I’m interviewed today at the Nerd Girl Power website. The piece is called Every Gunslinger Needs a Companion.

We saw The Lady in the Van this weekend. The obvious pun is that it’s a vehicle for Maggie Smith. It’s about an old woman who lives in a van that she parks on the street in a residential London neighborhood. She has a colorful past as a pianist, ambulance driver during the war and a nun, but now she’s haunted and tormented, as well as crotchety and foul, both of mouth and of bodily odor. She befriends (as much as that is possible) a writer named Alan Bennett, a man who struggles with his sexuality and with his relationship with his mother. He sees the lady as a model for his mother and decides to write about her. The interesting thing the movie does is to split him into two: there is the version of Alan who lives life and observes, and the version who writes about things, and they banter with each other. It’s a visually interesting way to show a person talking to himself. The story is mostly true (and one Bennett comments to the other in passing when they put something on the page that didn’t really happen), and Maggie Smith first portrayed the woman in the van in the stage version 15 years ago. She’s a hoot as this uncouth Dowager Countess. A real delight.

Watched a BBC series called London Spy, which stars Ben Whishaw from The Hour (and also from Suffragette) as a guy who gets romantically entangled with a man who has created something that no one wants publicized. There’s sex and murder and intrigue, all in a somewhat leisurely John Le Carré vein. It’s five episodes and features the likes of Jim Broadbent, Charlotte Rampling, Mark Gatiss, as well as a brief appearance by Clarke Peters (The Wire). Some of it is highly improbable, but it’s a compelling drama about families and secrets and the surveillance state.

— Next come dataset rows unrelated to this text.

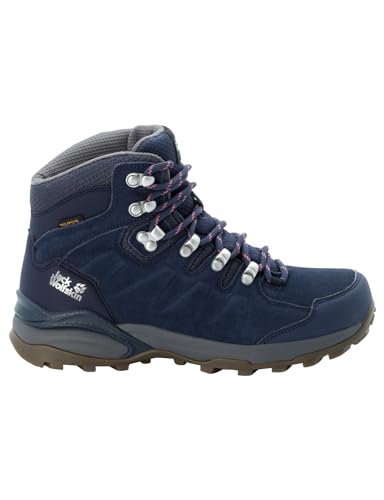 Jack Wolfskin Damen Refugio Texapore Mid W, Dark Blue / Grey, 39 EU von Jack Wolfskin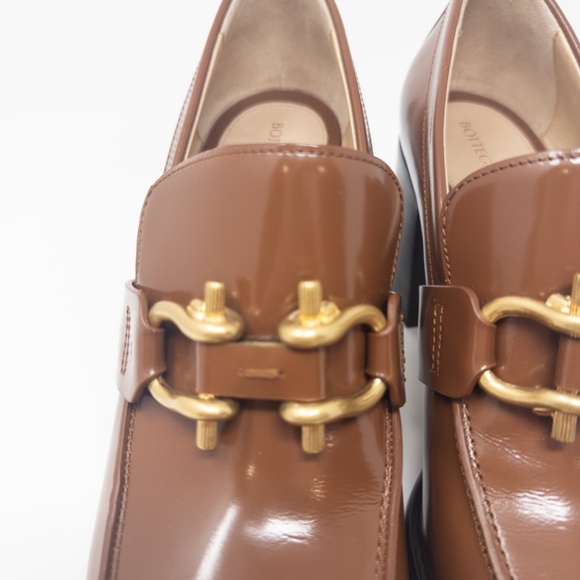 Bottega Veneta Monsieur Pump Brown Sugar Loafer Heels Womens 40 EU 10 US - Picture 4 of 8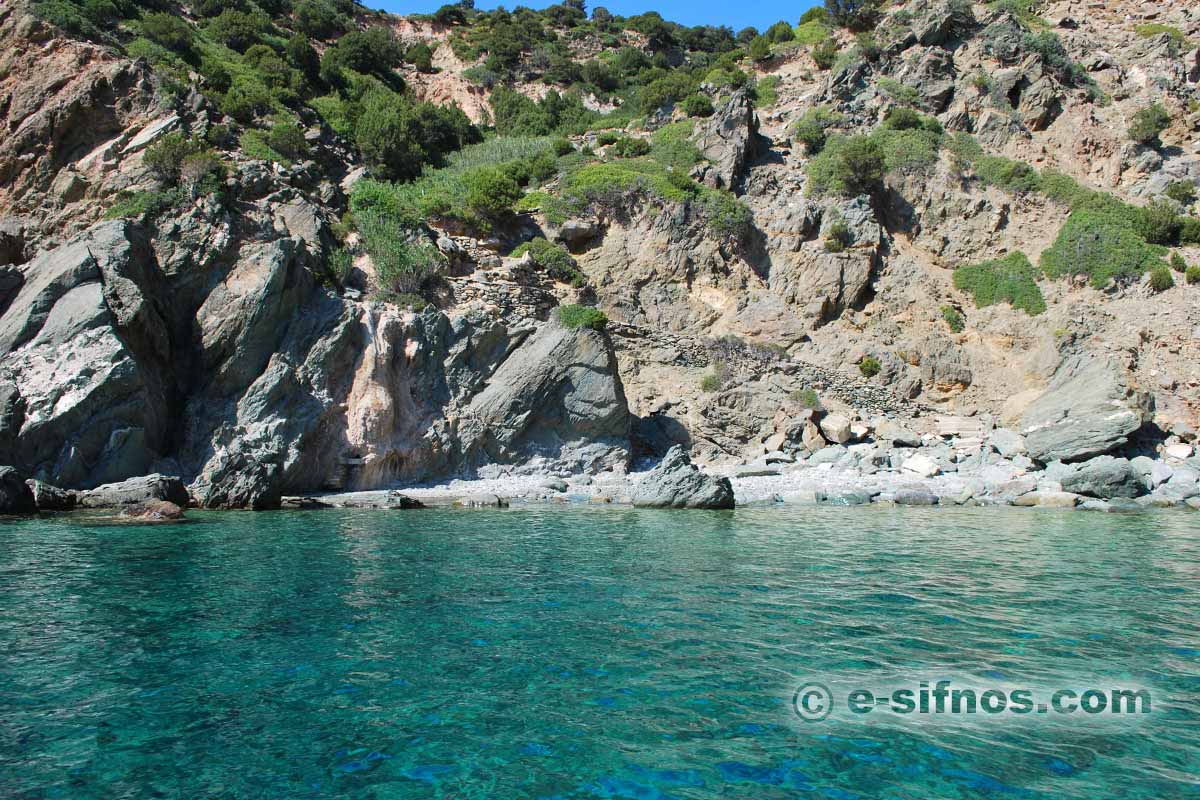 The coast at Tosso Nero area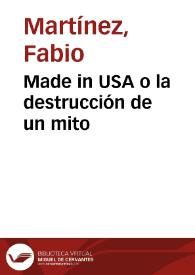 Made in USA o la destrucción de un mito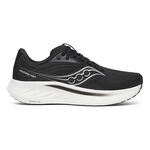 Saucony Laufschuhe Saucony Ride 18 Wide Neutralschuh Herren-Schwarz,Wei&szlig;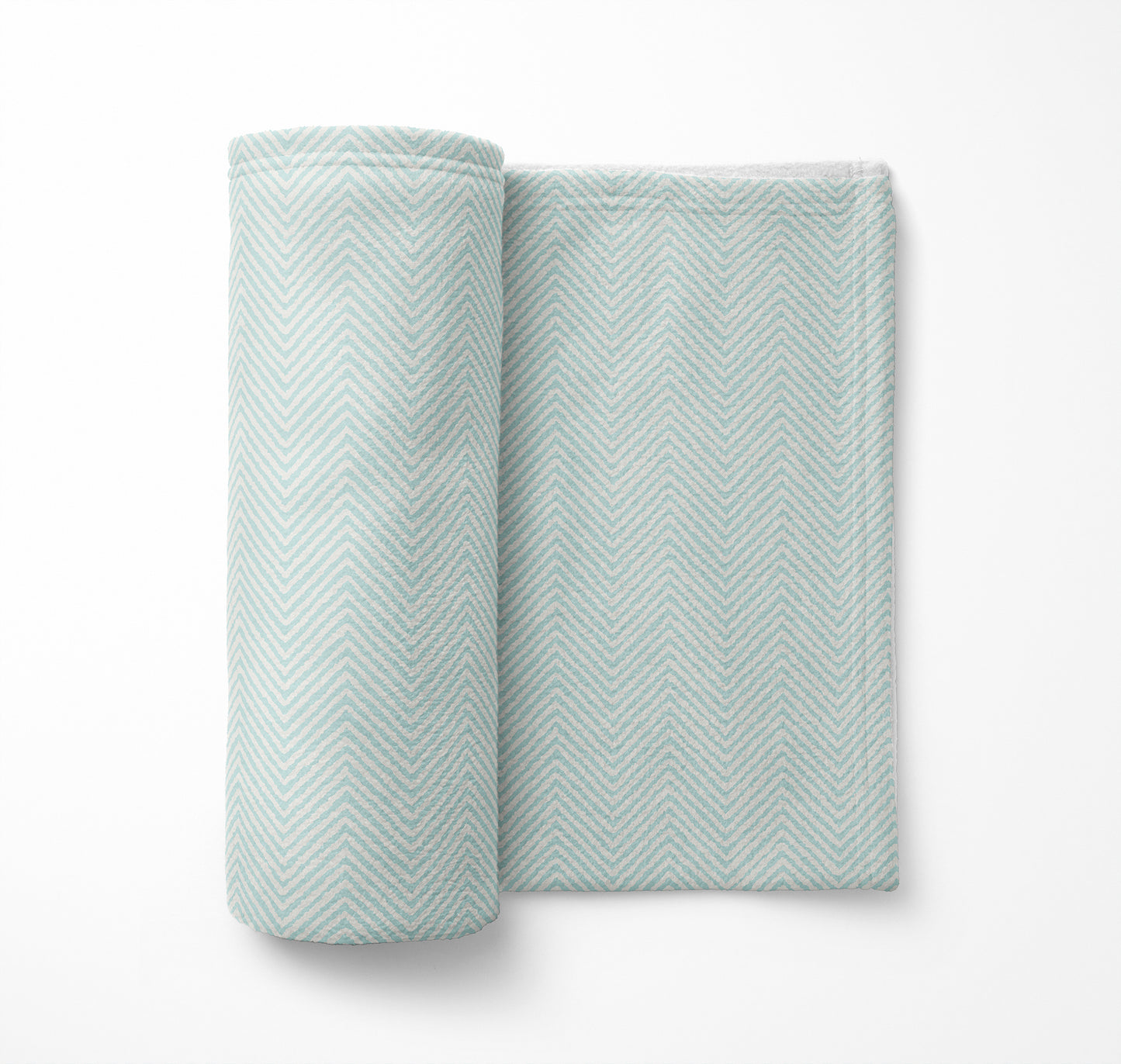 Chevron Groove Velveteen Fleece Blanket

Speaking of Suffragette, we finally saw that this weekend, too. It’s an interesting story, and I always like Carey Mulligan, but it plods a bit. Hard to believe the state of things just a hundred or so years ago, though. Not only couldn’t women vote in the UK, they didn’t have any ownership of their children.

I’m up to the “Mulder’s back” section of the eighth season of The X-files. I probably saw these episodes before, but I don’t have a very strong memory of them. Also saw the fourth episode of the new season, which was very good. I think someone got the wrong end of the stick last year when they saw the episode title “Home Again” and assumed that the show would be revisiting the “Home” plot. That wasn’t it at all. This was a monster-of-the-week episode, but also a very personal one for Scully. Very well done, I thought. People in Philly probably aren’t very happy by Mulder’s thoughts on their basketball team, though.